Swedish Stock Exchange Hit By Programming Snafu 136
New submitter whizzter writes "I was reading the Swedish national news today and an image in a stock exchange related article struck my eye. An order had been placed for 4 294 967 290 futures (0xfffffffa or -6 if treated as a 32-bit signed integer), each valued at approximately 16,000 USD, giving a neat total of almost 69 trillion USD. The order apparently started to affect valuations and was later annulled, however it is said to have caused residual effects in the system and trading was halted for several hours."
SNAFU..... (Score:4, Insightful)
Speed at the cost of accuracy (Score:1, Insightful)
This is what happens when you want million transactions a second. You have to forgo input validation on your trading systems. Do these people ever learn?
Stop annulling these trades. (Score:5, Insightful)
The way to prevent this kind of mistaken (or even malicious) trade is to stop protecting the trader by canceling the trade as soon as the mistake is realized. If you issue a trade order, you should be liable for paying for it. If you can't, normal bankruptcy laws should apply.
Re:Good Point Here (Score:5, Insightful)
A linked list of digits? Seems a little much given that there's data types meant to handle really big numbers.
At a minimum someone should be bounds/sanity checking their inputs before it goes anywhere past the user interface -- you have to assume your users will type all sorts of random stuff into your fields.
Then again, I am often surprised when testing new software that when I do something completely random I often see issues.
I remember a developer saying to me once "but nobody is ever going to do that" -- the reality is, unless you actively prevent it, sooner or later they will; and in the case of many users, it's more like within the first 5 minutes. They don't know or care what you think is 'normal' inputs -- they're going to do what they do no matter what.
Re:SNAFU..... (Score:3, Insightful)
Mismatched types in caller/callee: Re:SNAFU..... (Score:4, Insightful)
That seems like the perfect description of what happened, either in terms of bad coding without type checking or input validation or in terms of the stock exchanges so frequently doing stupid things these days.
.
I think most likely it's a case of mismatched types between the calling function and how the function itself defines the calling variables. Errors that occured (possibly) (is there a link to the description/report that shows how this really happened?):
.
1 -- No Sanity Checking at Broker's end of transaction request: no validation of input at the customer or broker's computer, thus allowing a negative number entry for amount of shares to sell by the broker. aka Trusting the user to not input stupid values into a field.
2 -- Poor division of actionsactually not spliiting BUY and SELL into two different transaction categories and letting the sign of the number be the indicator as to the intent to buy or sell
3 -- Allowing wild extrema and outliers to affect trading: it's crazy to allow BID/buy orders at (average sale price)\dividedby(large positive integer) or to allow ASK/sell orders at (average sale price)\times(large positive integer).
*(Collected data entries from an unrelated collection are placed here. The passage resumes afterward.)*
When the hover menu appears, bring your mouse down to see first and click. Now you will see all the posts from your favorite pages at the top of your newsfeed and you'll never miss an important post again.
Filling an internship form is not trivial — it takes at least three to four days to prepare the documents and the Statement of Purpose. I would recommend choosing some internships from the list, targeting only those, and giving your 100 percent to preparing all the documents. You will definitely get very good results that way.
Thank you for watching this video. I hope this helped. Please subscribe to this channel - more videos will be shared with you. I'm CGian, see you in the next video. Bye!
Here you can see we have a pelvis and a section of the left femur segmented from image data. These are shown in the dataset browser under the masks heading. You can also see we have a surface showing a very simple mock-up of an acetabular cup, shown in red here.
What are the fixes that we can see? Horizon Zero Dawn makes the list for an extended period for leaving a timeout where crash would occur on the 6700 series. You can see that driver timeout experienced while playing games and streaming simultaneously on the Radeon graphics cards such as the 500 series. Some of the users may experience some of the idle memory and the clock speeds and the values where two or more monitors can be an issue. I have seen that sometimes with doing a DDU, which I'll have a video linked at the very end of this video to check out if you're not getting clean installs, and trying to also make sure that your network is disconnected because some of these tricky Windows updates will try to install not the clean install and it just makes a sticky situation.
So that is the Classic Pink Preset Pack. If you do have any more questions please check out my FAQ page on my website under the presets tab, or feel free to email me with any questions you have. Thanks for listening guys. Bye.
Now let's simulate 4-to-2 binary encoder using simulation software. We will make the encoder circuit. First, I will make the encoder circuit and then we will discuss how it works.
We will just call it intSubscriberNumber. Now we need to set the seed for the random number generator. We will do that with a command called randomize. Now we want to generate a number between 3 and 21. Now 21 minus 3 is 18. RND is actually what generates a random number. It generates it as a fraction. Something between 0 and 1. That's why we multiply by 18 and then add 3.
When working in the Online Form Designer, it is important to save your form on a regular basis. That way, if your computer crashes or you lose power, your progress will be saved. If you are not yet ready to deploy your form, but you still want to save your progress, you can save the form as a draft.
It's crazy for algorithms or humans to interpret any buy or sell price requests that are more than 50% deviated from the current running average price to be considered as anything other than either an anomaly or a deliberate attempt to fuck things up.
4 -- No sanity checking at the Stock Exchange board computer:no bounds checking on the board computer that accepts the buy/sell from the brokers. seriously, shouldn't there have been at least two places this poor interpretation could have been caught?
5 -- Unit Error / Representation Error: like letting a spacecraft go lost or kablooey by thinking the units are Imperial instead of Metric/Systeme_Internationale, maybe the order entry system represents the number X as signed long integer value, and the order-taker system (who knows what it's really called?) at the exchange interprets the number X as unsigned long integer value.
Now that number (5) error seems likely to me, as I have been learning C programmng and note that since it does not do type checking, it's possible to call a function with a variable that is holding a signed long integer, but the program is written with a
unsigned int functionname(unsigned long c1) {
\\... code goes here
}
\\... more intervening stuff
signed long int yabbadabbadoo = -6;
signed long int resultinganswer = 0;
resultinganswer=functionname(yabbadabbadoo);
so the same bit-representation is seen as two things. Akin to using the same words to mean two different things.
Re:oopsie... (Score:2, Insightful)
If I was writing an exchange system, I'd use something like Ada, where there are well tested add-ons that let you prove the accuracy and integrity of the algorithms.
In C, I almost never use signed integers. It's rare that I ever need negative values. If I'm subtracting, in the vast, vast majority of situations I expect to end up with a positive number. If the result would prove negative, something is broken. Using unsigned integers with modulo arithmetic I at least get a value in the correct domain. I only ever have to check for sane upper bounds, not upper _and_ lower bounds. It's half as much work, and half as much to go wrong.